### What needs to be done
Using only the entries below, output the lines starting at the one containing "Kleiderpakete: Hilfiger, Boss, Einhorn" and ending at the one containing "உயிரிழந்த பள்ளி மாணவி", exactly and inclusive of both, omitting the pictures.

### Data for analysis
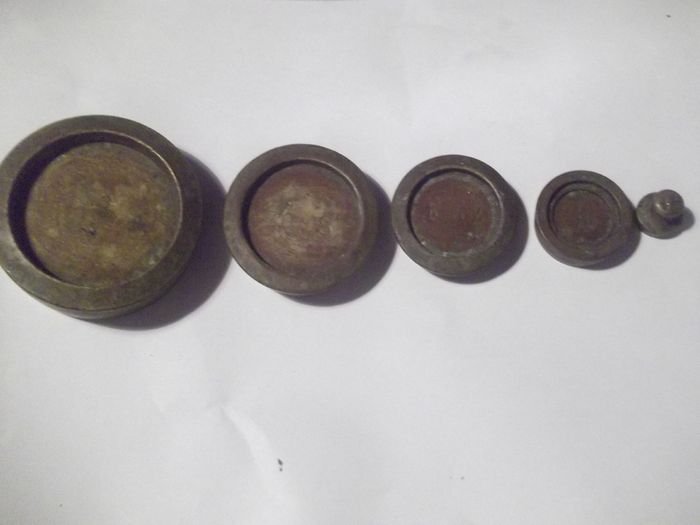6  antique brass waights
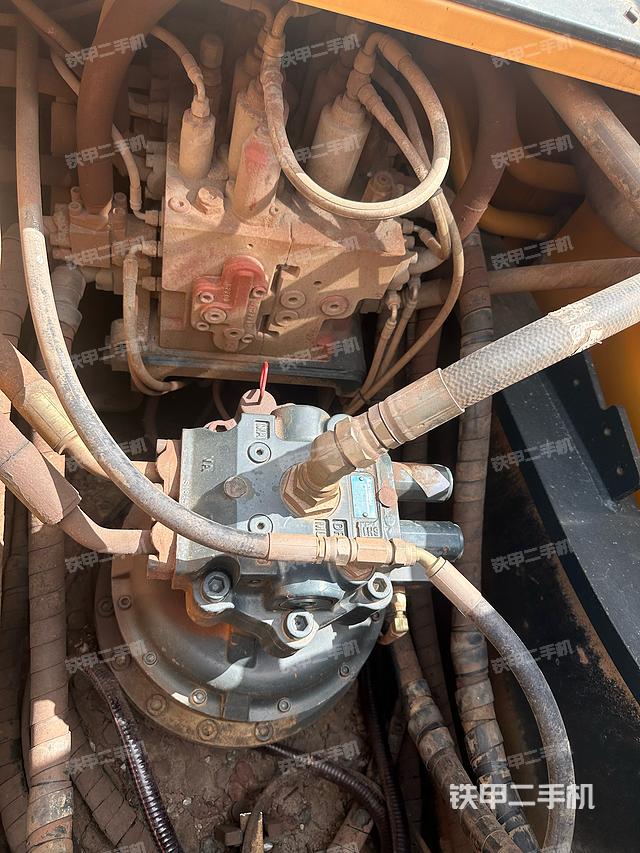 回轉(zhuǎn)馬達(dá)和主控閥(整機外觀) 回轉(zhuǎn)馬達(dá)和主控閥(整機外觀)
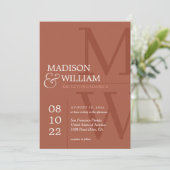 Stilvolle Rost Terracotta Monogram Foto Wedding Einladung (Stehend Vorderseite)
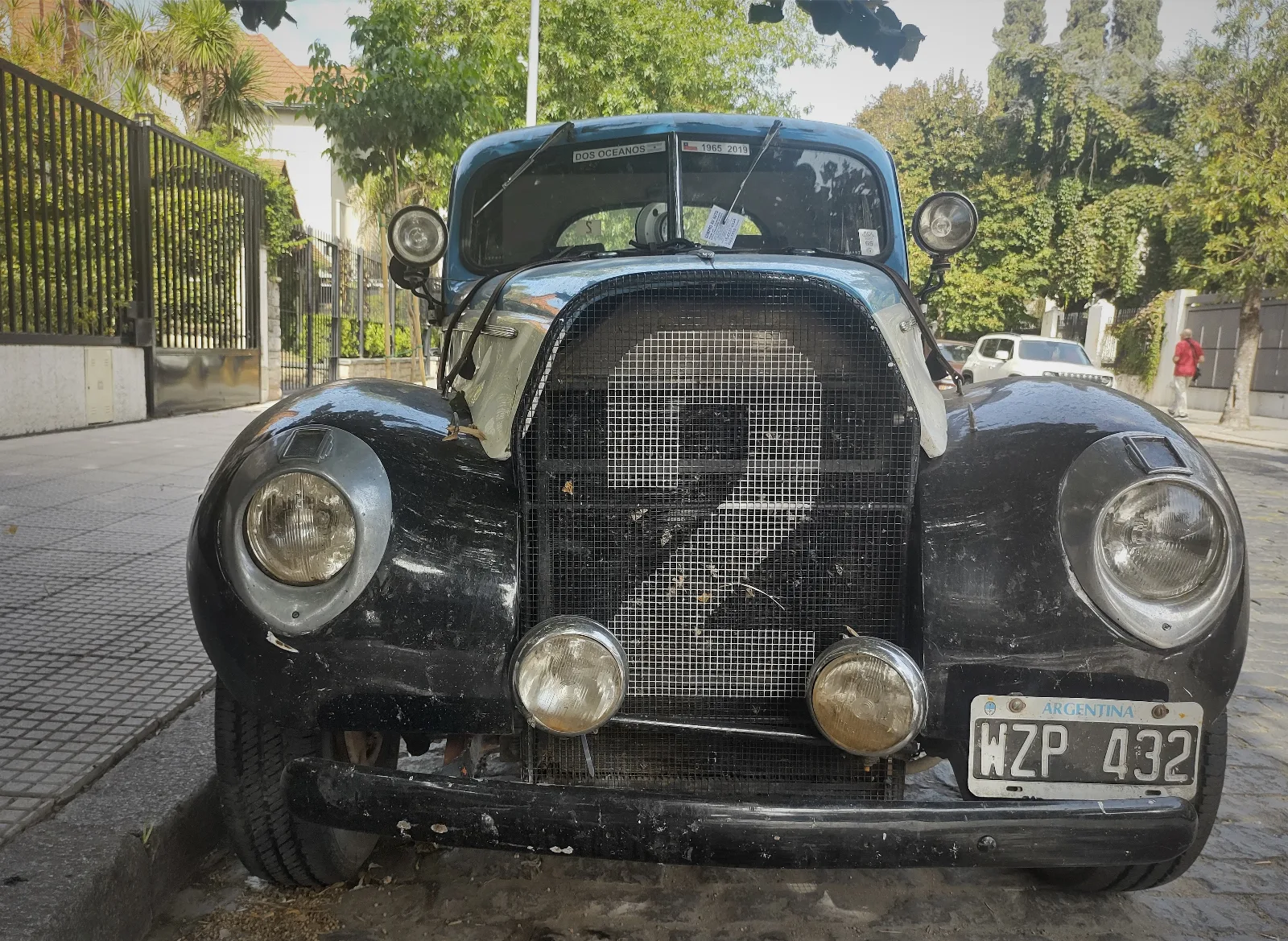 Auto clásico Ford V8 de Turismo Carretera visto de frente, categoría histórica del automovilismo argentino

...

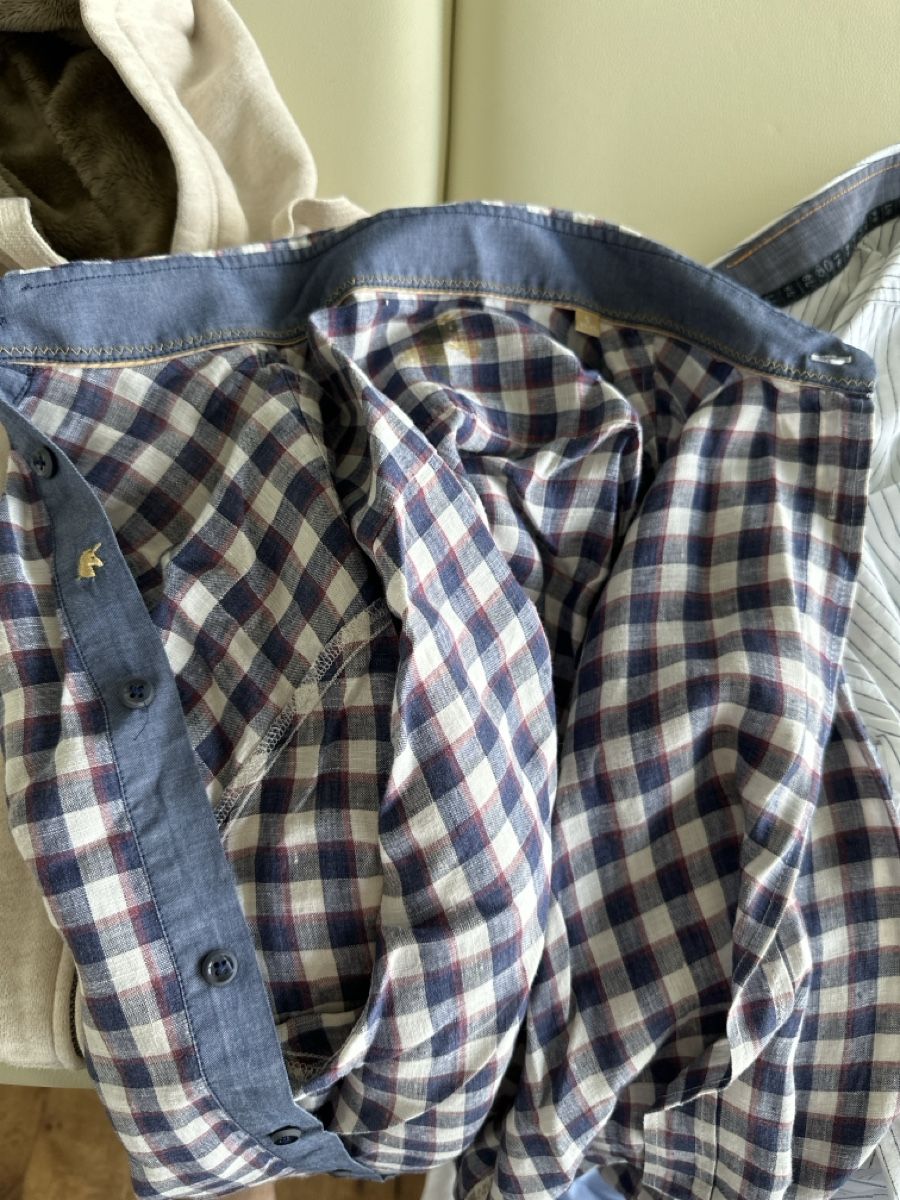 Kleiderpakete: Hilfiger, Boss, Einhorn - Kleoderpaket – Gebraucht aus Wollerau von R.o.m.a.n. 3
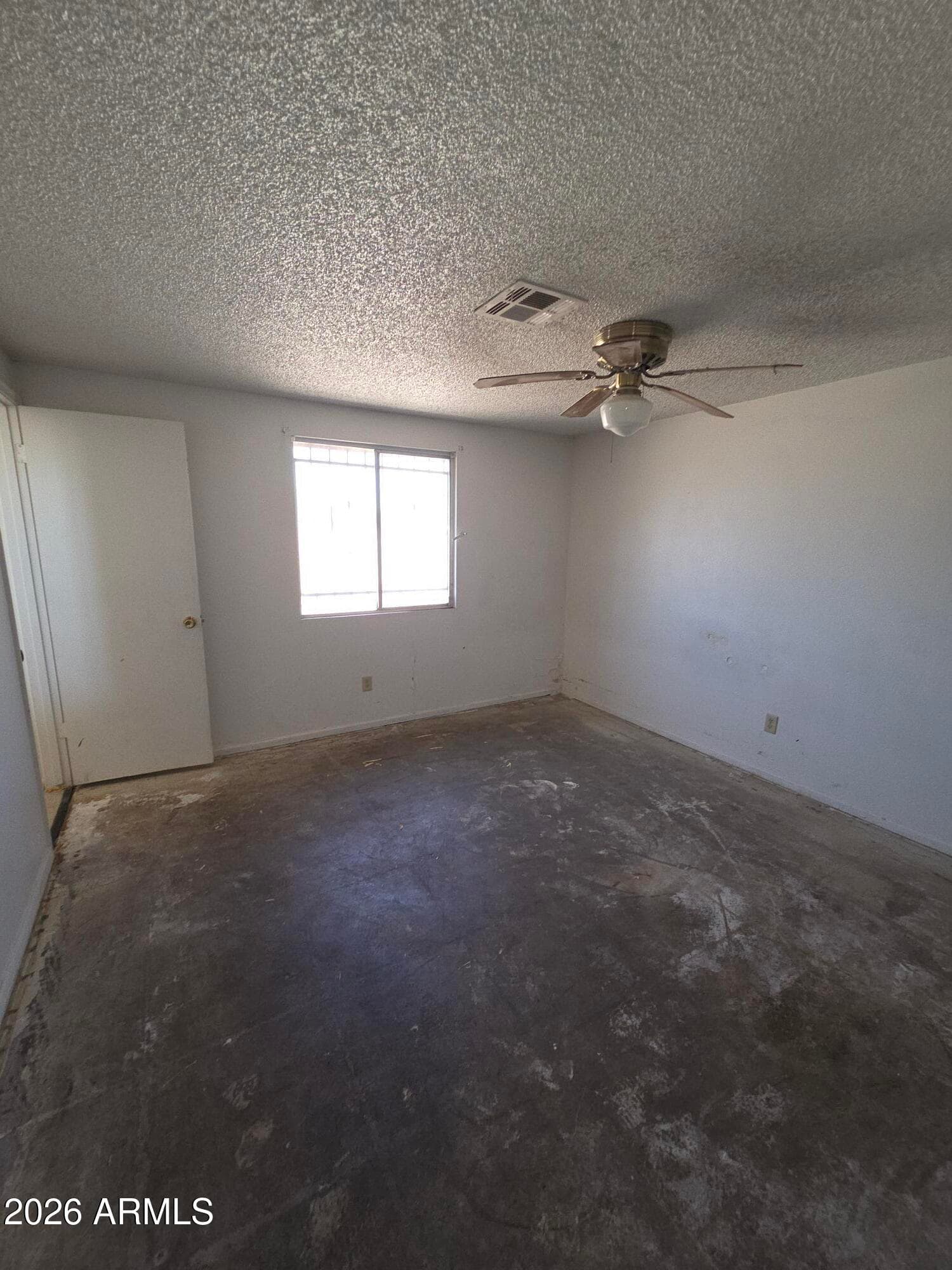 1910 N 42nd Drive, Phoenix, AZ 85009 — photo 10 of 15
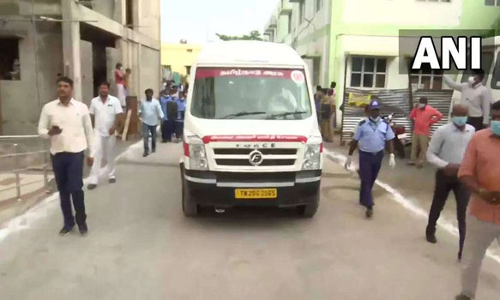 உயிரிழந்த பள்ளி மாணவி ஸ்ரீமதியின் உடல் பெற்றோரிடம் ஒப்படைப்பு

### Response for this exercise
 Kleiderpakete: Hilfiger, Boss, Einhorn - Kleoderpaket – Gebraucht aus Wollerau von R.o.m.a.n. 3
 1910 N 42nd Drive, Phoenix, AZ 85009 — photo 10 of 15
 உயிரிழந்த பள்ளி மாணவி ஸ்ரீமதியின் உடல் பெற்றோரிடம் ஒப்படைப்பு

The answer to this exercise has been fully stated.